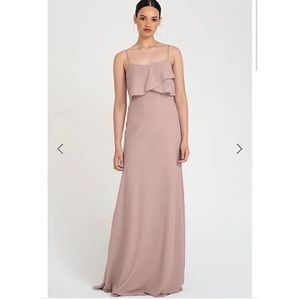 Jenny Yoo V Neck Flutter Spaghetti Strap Bridesmaid Gown
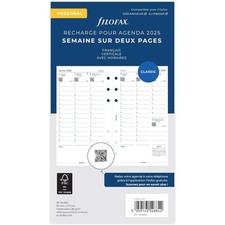 [000025-68431] Filofax Recharge pour agenda Personal Semaine sur deux pages -...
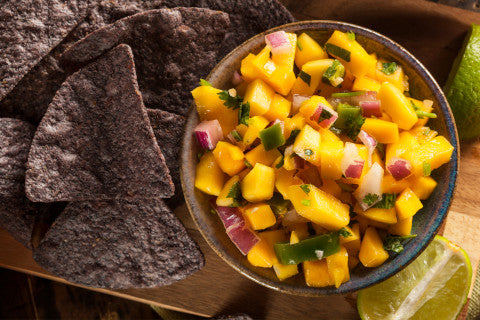 mango salsa with purple tortilla chips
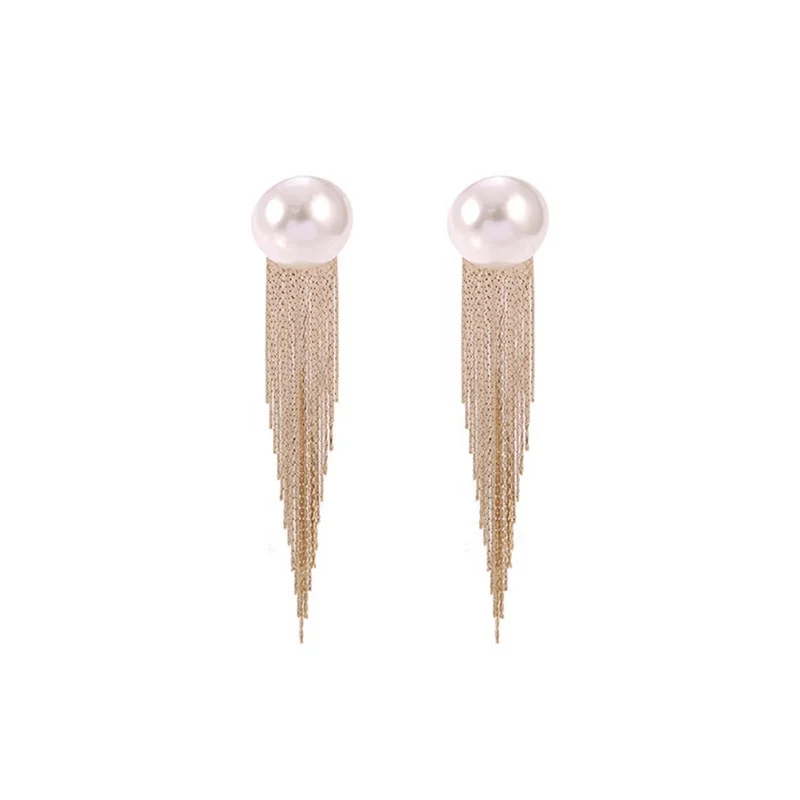 

Imitation Round Pearl Long Earrings Baroque Style Metal Tassel Thin Chain Symmetrical Gold Color Earrings Women Jewelry Party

YOUR ASSIGNMENT - Every line between the one containing "[000025-68431] Filofax Recharge" and the end of the listing, both included, needs to be retyped exactly, minus the pictures.

REPLY TO THE TASK -
 [000025-68431] Filofax Recharge pour agenda Personal Semaine sur deux pages -...
 mango salsa with purple tortilla chips

Imitation Round Pearl Long Earrings Baroque Style Metal Tassel Thin Chain Symmetrical Gold Color Earrings Women Jewelry Party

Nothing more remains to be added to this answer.